When the new changes are effective, small businesses are permitted to frontload a minimum of 40 hours of paid earned sick time at the beginning of the year without having to track the employee’s accrual of earned sick time. The revised Act removes the requirement for small businesses to allow employees to use up to an additional 32 hours of unpaid leave that was afforded in the previous version of the Act.

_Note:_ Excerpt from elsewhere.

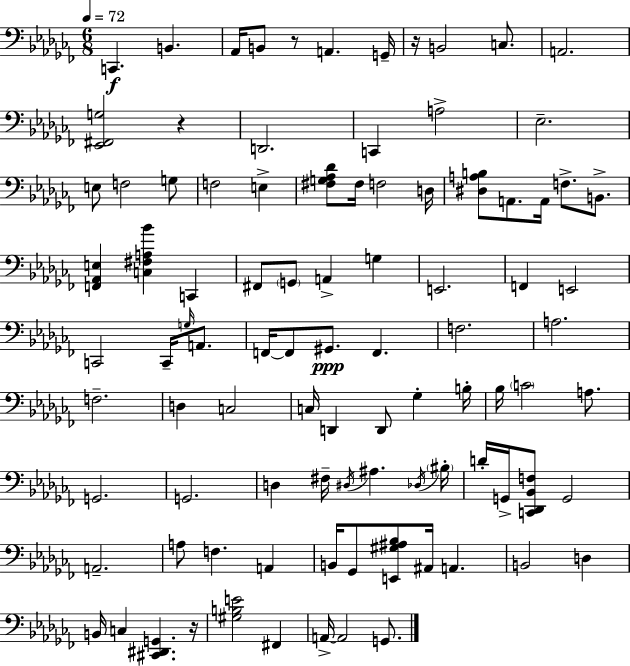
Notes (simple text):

C2/q. B2/q. Ab2/s B2/e R/e A2/q. G2/s R/s B2/h C3/e. A2/h. [Eb2,F#2,G3]/h R/q D2/h. C2/q A3/h Eb3/h. E3/e F3/h G3/e F3/h E3/q [F#3,G3,Ab3,Db4]/e F#3/s F3/h D3/s [D#3,A3,B3]/e A2/e. A2/s F3/e. B2/e. [F2,Ab2,E3]/q [C3,F#3,A3,Bb4]/q C2/q F#2/e G2/e A2/q G3/q E2/h. F2/q E2/h C2/h C2/s G3/s A2/e. F2/s F2/e G#2/e. F2/q. F3/h. A3/h. F3/h. D3/q C3/h C3/s D2/q D2/e Gb3/q B3/s Bb3/s C4/h A3/e. G2/h. G2/h. D3/q F#3/s D#3/s A#3/q. Db3/s BIS3/s D4/s G2/s [C2,Db2,Bb2,F3]/e G2/h A2/h. A3/e F3/q. A2/q B2/s Gb2/e [E2,G#3,A#3,Bb3]/e A#2/s A2/q. B2/h D3/q B2/s C3/q [C#2,D#2,G2]/q. R/s [G#3,B3,E4]/h F#2/q A2/s A2/h G2/e.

Additionally, the revised Act allows employers who employ part-time employees to provide their yearly balance of paid earned sick time at the beginning of the employer’s year so long as: (1) they also provide written notice of the employee’s anticipated hours worked for the given year; (2) the amount of earned sick time to be provided for that year is proportionate to the amount of sick time that the employee would accrue if they worked all the anticipated hours; and (3) the employer provides additional paid earned sick time hours should the employee work more hours than anticipated.
The medical documentation requirements had only minor changes, while there are additional provisions to the notice requirements. Specifically, employers may request reasonable documentation within 15 days but can only require it when an employee takes more than three (3) consecutive days of sick leave. The documentation should only require a signature by a health care professional confirming the use of sick time was for a purpose listed under the Act. If an employer requires documentation, the employer must pay “all out-of-pocket expenses the employee incurs in obtaining the documentation.” The employer is also responsible for paying “any costs charged to the employee by the health care provider for providing the specific documentation required.” The revised Act, however, does not explain what is included in either “out-of-pocket expenses” or “costs.”
For notice purposes, when the use of sick leave is not foreseeable, an employee only needs to give notice as soon as practicable or in accordance with the employer’s written policy related the request to use sick time. When the use of sick is foreseeable, an employer can require notice of the use of sick leave up to seven (7) days before the employee intends on initiating sick leave.
The Act prohibits an employer from treating an employee’s use of earned sick time as an absence that may lead to adverse employment actions. Thus, employers should be careful when enforcing their time and attendance policies to avoid any potential conflicts with the Earned Sick Time Act.
Employees who believe their employer violated the Act may file a claim with the Department of Labor and Economic Opportunity within three years. The revised Act, however, no longer permits an employee to directly file a lawsuit.